I’ve had my fair share of head butting with our current school principal. I’m not a fan of school uniforms and I have stated that much but that’s a school board issue versus an individual school issue. However, I do feel school employees should follow the same uniform dress code. We all know that authority figures set the tone in an institution. If you work in an office and your boss dresses in a business suit everyday, you’re more than likely to dress accordingly. I’m not saying that teachers need guidance around what’s appropriate to wear but I think they should set an example, encouraging kids to follow uniform dress code by wearing it themselves.

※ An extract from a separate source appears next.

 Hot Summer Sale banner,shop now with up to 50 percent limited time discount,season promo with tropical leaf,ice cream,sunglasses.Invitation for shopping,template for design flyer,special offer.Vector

Like most parents we’ve had to deal with bully issues at school too. I’m tired of hearing that young kids aren’t capable of bullying, that they are just learning to adjust socially, that boys will be boys. Kids just don’t turn into bullies when they enter high school. Disrespectful behaviour has to be dealt with. Don’t tell me I’m being an over-reactive parent. Don’t tell me my son’s long hair is bound to lead to teasing. Don’t tell me that kids need to learn to stand-up for themselves and can’t keep running to adults to solve their problems.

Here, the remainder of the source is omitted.